The definitions were reasonable. Business Intelligence meant turning raw data into information for decisions. Data Steward meant the business role responsible for metadata and data quality. Metadata meant data about data. Data retention meant how long data was kept. Nobody argued much with the words.
Then the customer dashboard shipped.
Sales used one definition of active customer. Finance used another. Support wanted canceled customers included while service obligations were still open. Security wanted a sensitive field masked. Analytics wanted drill-through access to transaction-level detail. Legal asked whether the retention schedule allowed the historical table to exist in the first place.
The glossary had entries. It did not have operating force.
That is the standard I use now: a governance glossary is useful only if it changes how a data product is reviewed, approved, accessed, monitored, and retired. A definition should name the thing, but it should also tell the team who owns it, where it appears, how it is measured, and what decision it affects.
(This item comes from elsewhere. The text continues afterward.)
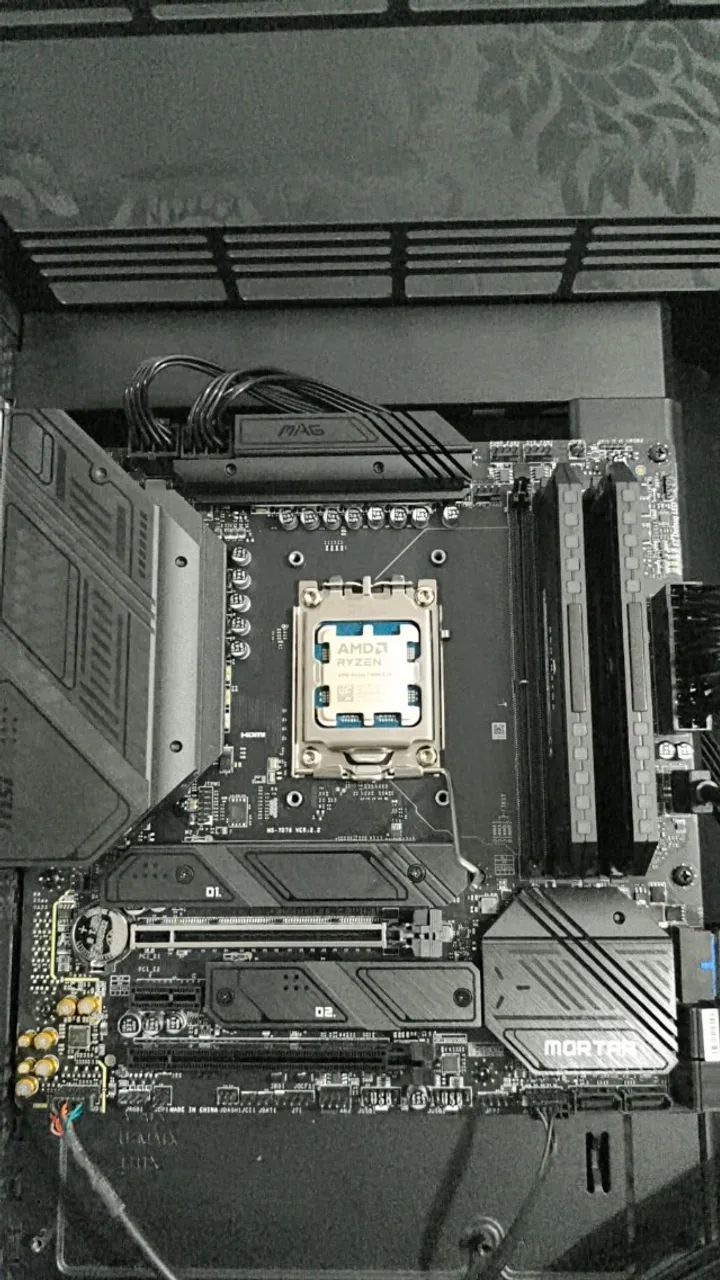Placa-Mãe B650M MSI MAG Mortar Wi-Fi, AMD AM5 - Foto 3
This post is a practical glossary for enterprise data governance. It is not a legal taxonomy, and it is not a replacement for frameworks like EDM Council DCAM, NIST CSF 2.0, NIST Privacy Framework, or NIST SP 800-53. It is the operating language I want in the room when business, analytics, platform, security, privacy, and governance teams have to make the same data product mean the same thing.
How to Use the Glossary#
A glossary entry should answer more than "what does this term mean?"
It should answer:
- Who owns the term?
- Which data products use it?
- Which source is authoritative?
- Which quality rules prove it is fit for use?
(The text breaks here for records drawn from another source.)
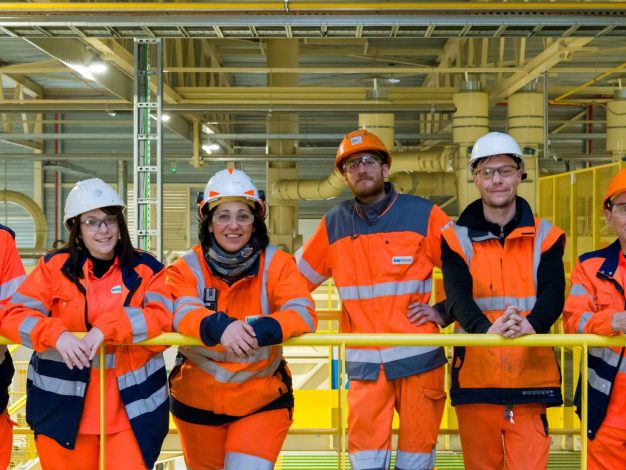 Travailler chez Knauf Insulation Illange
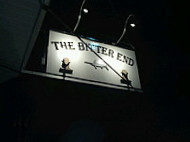 Bitter End Lounge inside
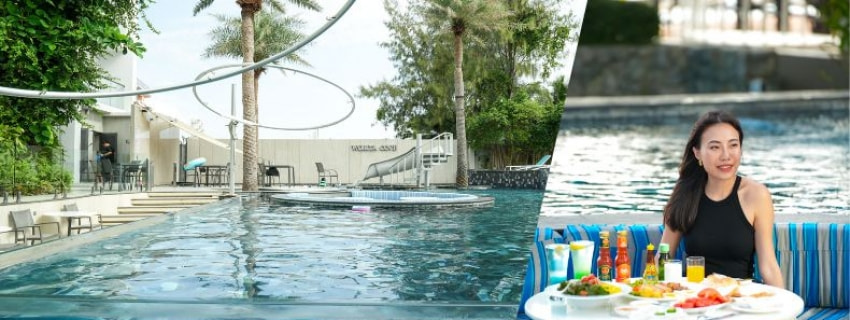 Worita Cove Hotel, พัทยา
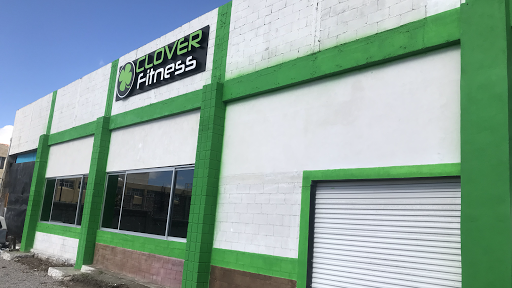CloverFitnessMX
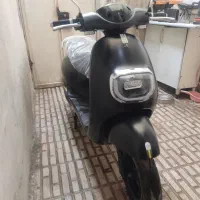موتور سیکلت برقی نیکتاز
- Which privacy or security controls apply?
- Which downstream decisions break if the meaning changes?
The tradeoff is precision over speed. It is faster to let every team define terms locally. It is also how enterprises end up with five revenue numbers, three customer counts, and a privacy review that discovers sensitive data after the dashboard is already trusted.
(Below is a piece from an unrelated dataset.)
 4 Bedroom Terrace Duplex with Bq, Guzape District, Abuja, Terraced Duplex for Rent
The better path is slower at the definition boundary and faster everywhere downstream.
Business and Analytics Terms#
These terms describe how data becomes decision support.
| Term | Working definition | Review question |
|---|---|---|
| Business Intelligence (BI) | Tools, processes, and practices that turn raw or modeled data into information for decision-making. | Which decision or operating rhythm does this BI asset support? |
| Dashboard | A monitoring surface that shows current or frequently refreshed status. | Is the dashboard for live monitoring, or is it being used as a static report? |
| Scorecard | A performance snapshot against targets, goals, or thresholds. | Are targets approved, current, and owned? |
| Report | A structured analytical output, often with more detail, context, and interpretation than a dashboard. | Is the report exploratory, official, regulatory, or operational? |
| Drill down | Navigation from a summary level into lower levels within the same hierarchy, such as year to quarter to month. | Does the hierarchy match the governed dimensional model? |
| Drill through | Navigation from one analytical view into a related detail page or dataset filtered to a selected context. | Is the detail view governed at the same classification and access level? |
| Metric | A quantifiable measure of activity, quality, risk, cost, or outcome. | Is the calculation documented and reproducible? |
| Key Performance Indicator (KPI) | A metric tied to a strategic or operational target. | Who owns the target, tolerance, and interpretation? |
| OLAP | Online Analytical Processing: multidimensional analysis across measures, dimensions, hierarchies, and aggregations. | Are dimensions, grains, and aggregations consistent across tools? |
| Data mining | Statistical or computational analysis to discover patterns, associations, clusters, anomalies, or predictive signals. | Is the discovered pattern approved for action or only exploration? |
| Semantic layer | A governed business-facing model of metrics, dimensions, relationships, and calculations. | Is the semantic layer the source for official BI definitions? |
| Self-service analytics | A model where business users explore governed data with approved tools and guardrails. | Which datasets are certified for self-service use? |
Microsoft's Power BI drillthrough documentation is a useful reminder that navigation features carry governance implications. Drill-through often moves a user from summary to detail. That can change privacy risk, row-level access needs, and interpretation.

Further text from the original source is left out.